Annie Thébaud-Mony, sociologue à l’INSERM et spécialiste de l’amiante, est venue apporter son soutien aux riverains et salariés le 8 septembre. Selon elle, le préfet aurait les moyens régaliens de s’adresser à Safran et Airbus : « Ce sont eux les responsables, c’est à eux de payer la mise aux normes, au nom du principe pollueur-payeur ».
L’affaire de la SNEM de Montreuil soulève la question de la responsabilité dans la chaîne de la sous-traitance : ce sont Airbus et Safran qui décident des méthodes de travail de leurs sous-traitants et donc des ouvriers de la SNEM. Airbus et Safran ayant obtenu une autorisation spéciale pour continuer à utiliser le chrome 6 après le 21 septembre, date de l’interdiction de cette substance par la réglementation européenne, les travailleurs de la SNEM devront continuer à manipuler cette substance.
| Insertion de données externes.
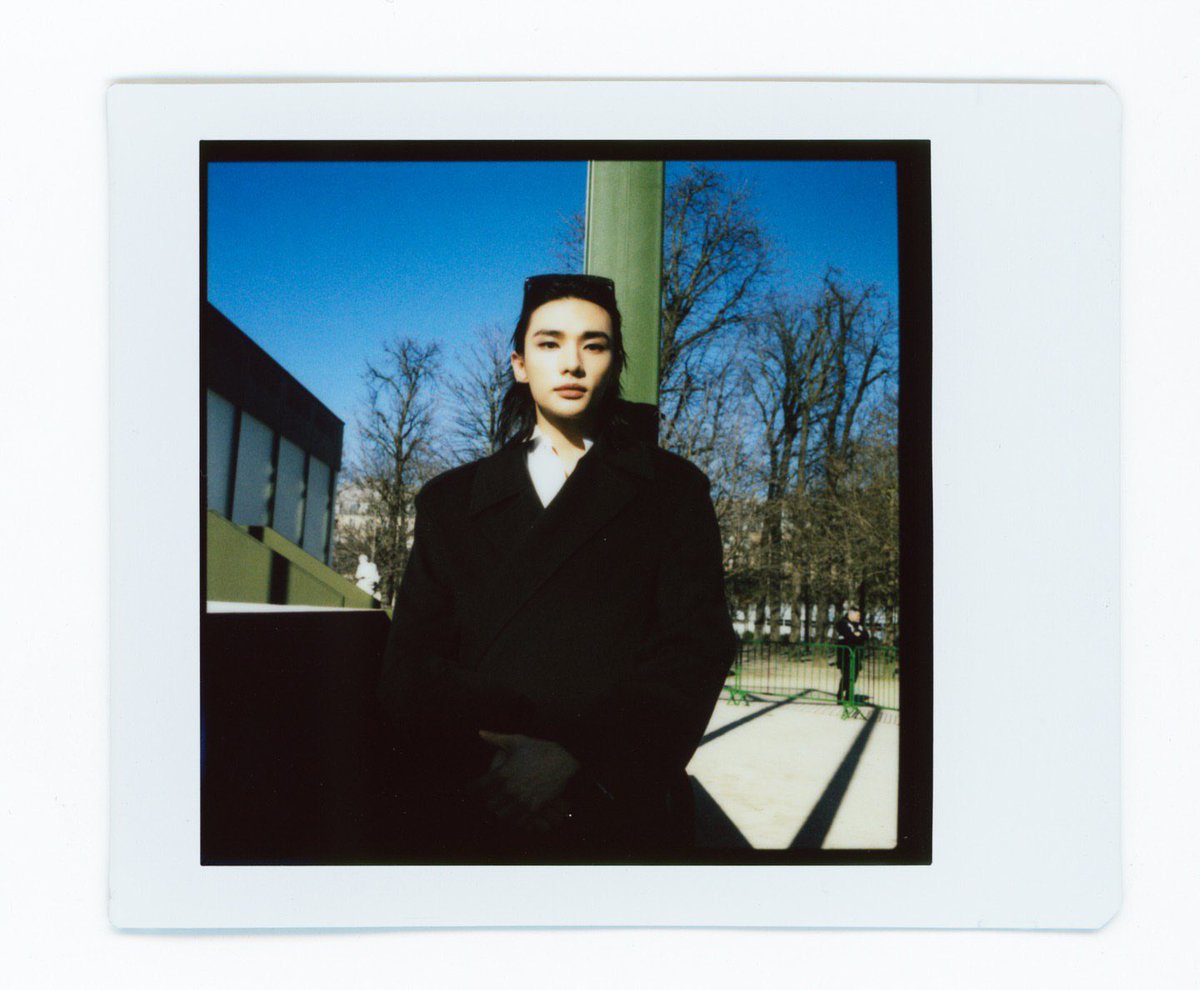 hyunjin instagram update!

#HYUNJIN_DiorAW26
Annie Thébaud-Mony pointe le scandale : « Cette dérogation concernant un produit dangereux revient à acheter un droit de tuer, de tuer les salariés et les riverains. Comme pour l’amiante, ce sont encore les industriels de l’industrie chimique qui ont obtenu ces dérogations. Depuis des années, ils bloquent les avancées de la réglementation de la communauté européenne ».